##### RECORD SET #####

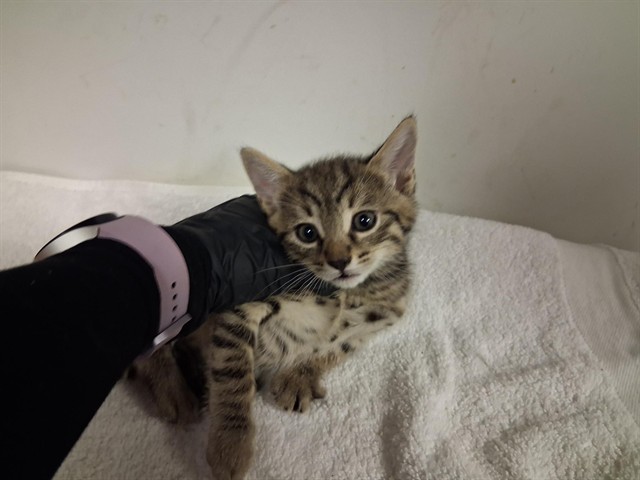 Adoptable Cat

#####
##### RECORD SET #####

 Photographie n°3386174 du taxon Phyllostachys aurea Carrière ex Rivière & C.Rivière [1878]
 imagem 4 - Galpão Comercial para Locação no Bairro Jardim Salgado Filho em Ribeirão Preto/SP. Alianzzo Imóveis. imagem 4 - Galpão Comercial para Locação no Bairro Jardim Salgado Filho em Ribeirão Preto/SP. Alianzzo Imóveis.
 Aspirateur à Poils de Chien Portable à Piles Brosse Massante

#####
##### RECORD SET #####

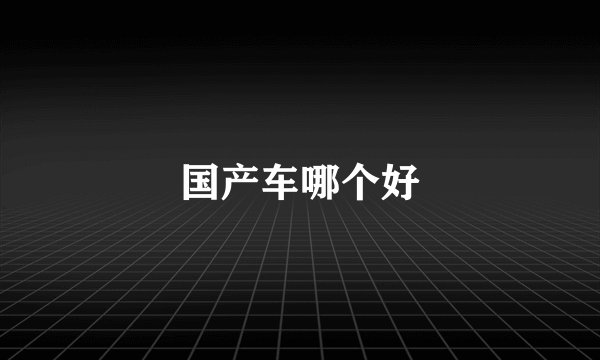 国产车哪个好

#####

**YOUR GOAL**
Reproduce the lines of the entries above from the one with "Alianzzo Imóveis. imagem" to the one with "Aspirateur à Poils", both included, exactly and without any other line.

**TASK RESPONSE**
 imagem 4 - Galpão Comercial para Locação no Bairro Jardim Salgado Filho em Ribeirão Preto/SP. Alianzzo Imóveis. imagem 4 - Galpão Comercial para Locação no Bairro Jardim Salgado Filho em Ribeirão Preto/SP. Alianzzo Imóveis.
 Aspirateur à Poils de Chien Portable à Piles Brosse Massante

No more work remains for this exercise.